# Noob....



## y4k (Apr 24, 2013)

Hi guys, firstly like to say very happy to have been accepted to the forum and look forward to reading about some wild and wonderful fishing stories, but am new to the sport of Kayak fishing only recently purchased my first 'yak' still yet to pick it up even lol but was after a few beginner lvl locations to try it out and get a feel for what its all about, any info greatly appreciated, estuaries or fresh water rivers probably my best bet first up but anything that is worth a visit further down the line will be taken into consideration, look forward to hearing from anyone that can help, cheers Richard.


----------



## yakgear (Mar 3, 2012)

Great nick name y4k ..

Good luck with the new yak.. Check out the safety section can be a lifesaver..

What sort of yak did you get and where is home ?

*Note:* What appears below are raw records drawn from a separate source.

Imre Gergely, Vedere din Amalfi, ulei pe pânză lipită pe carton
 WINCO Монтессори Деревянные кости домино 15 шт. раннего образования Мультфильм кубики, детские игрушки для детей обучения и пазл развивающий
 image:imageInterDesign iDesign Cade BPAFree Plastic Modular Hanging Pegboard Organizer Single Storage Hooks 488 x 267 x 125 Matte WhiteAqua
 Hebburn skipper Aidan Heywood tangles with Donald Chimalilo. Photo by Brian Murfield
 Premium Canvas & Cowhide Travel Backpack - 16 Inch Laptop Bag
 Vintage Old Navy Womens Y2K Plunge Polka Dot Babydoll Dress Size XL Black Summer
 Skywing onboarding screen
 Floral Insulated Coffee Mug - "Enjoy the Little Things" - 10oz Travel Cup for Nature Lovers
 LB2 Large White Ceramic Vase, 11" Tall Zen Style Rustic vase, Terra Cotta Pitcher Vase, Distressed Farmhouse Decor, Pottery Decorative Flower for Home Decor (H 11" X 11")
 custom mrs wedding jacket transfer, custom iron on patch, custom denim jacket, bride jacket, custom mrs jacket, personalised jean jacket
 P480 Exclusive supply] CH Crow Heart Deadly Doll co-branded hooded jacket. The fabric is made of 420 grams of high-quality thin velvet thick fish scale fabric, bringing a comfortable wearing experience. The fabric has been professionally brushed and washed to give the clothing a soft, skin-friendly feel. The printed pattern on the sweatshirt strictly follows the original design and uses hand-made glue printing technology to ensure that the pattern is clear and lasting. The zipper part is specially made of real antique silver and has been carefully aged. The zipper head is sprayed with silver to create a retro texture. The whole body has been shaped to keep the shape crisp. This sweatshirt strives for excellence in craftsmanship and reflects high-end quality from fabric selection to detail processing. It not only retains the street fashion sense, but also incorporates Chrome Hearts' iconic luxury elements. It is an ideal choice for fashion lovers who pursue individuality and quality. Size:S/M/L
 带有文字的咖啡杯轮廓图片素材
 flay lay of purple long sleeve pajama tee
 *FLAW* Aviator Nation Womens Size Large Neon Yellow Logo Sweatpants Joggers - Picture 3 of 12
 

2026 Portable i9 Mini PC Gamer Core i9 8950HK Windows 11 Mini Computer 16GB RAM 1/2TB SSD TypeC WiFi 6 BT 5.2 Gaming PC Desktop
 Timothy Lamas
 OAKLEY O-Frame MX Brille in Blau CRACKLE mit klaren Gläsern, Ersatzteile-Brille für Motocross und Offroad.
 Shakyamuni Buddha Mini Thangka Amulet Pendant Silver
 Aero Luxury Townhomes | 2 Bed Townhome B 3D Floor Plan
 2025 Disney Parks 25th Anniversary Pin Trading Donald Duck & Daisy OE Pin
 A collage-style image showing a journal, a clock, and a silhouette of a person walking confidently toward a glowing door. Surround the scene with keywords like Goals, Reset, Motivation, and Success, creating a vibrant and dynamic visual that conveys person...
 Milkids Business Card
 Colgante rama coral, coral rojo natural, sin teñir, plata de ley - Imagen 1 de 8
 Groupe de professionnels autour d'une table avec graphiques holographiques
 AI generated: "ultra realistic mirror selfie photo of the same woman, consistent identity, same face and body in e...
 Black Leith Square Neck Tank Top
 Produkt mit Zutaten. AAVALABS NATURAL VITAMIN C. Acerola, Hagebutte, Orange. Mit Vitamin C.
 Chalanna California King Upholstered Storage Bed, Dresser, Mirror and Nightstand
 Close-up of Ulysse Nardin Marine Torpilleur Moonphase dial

Careful of the addiction.. Get out whilst you still can..


----------



## Salty Dog (Sep 18, 2005)

Welcome aboard Y4k. Where are you based? There should be someone on here that could give you a few suggestions on where to go, (not in a bad way ;-) )


----------



## y4k (Apr 24, 2013)

I guess when asking for advice on where i can start fishing my area would be kind of handy lol i am from Gippsland in Victoria approx an hr and a half from the city and as of yet i dont have any fishing stories to tell as im not picking up the kayak until the weekend after next when ill make the trek to sydney where its being built. I purchased a Marine Man Pro Angler, http://i764.photobucket.com/albums/xx28 ... f460fc.jpg
Hopefully soon will have some pics and stories to share with u all, until then Happy Fishing


----------



## TheFishinMusician (Feb 5, 2007)

SurfanFish said:


> Welcome Richard. There are a bunch of nutcases down your way. They'll likely be along in due course.


ahem!

Welcome Richard. If you're nearby then Blue Rock is always a good bet if the weathers nice, or if you want to start extra safe theres always lake narracan. You can stand up in most parts of that  
let us know when you get your boat & we'l have to organize a trip.


----------



## cheaterparts (Jul 3, 2010)

TheFishinMusician said:


> SurfanFish said:
> 
> 
> > Welcome Richard. There are a bunch of nutcases down your way. They'll likely be along in due course.
> ...


there are a few guys from the valley that head down to our muddy pond called westernport from time to time
it's quite a good fishery once you get up to speed wit your yak


----------



## y4k (Apr 24, 2013)

TheFishinMusician said:


> SurfanFish said:
> 
> 
> > Welcome Richard. There are a bunch of nutcases down your way. They'll likely be along in due course.
> ...


Yeah i think ill start at Blue Rock nice and open cant get into too much trouble, was at Lake Narracan on the weekend and the water lvl is even lower than normal so probably only good for scenic BBQs at the moment  Will get a few outings under my belt before i venture out with an audience lol would hate for the 'Noob' title to stick  but for sure once im comfortable on it would be awesome to do a trip, appreciate the offer.


----------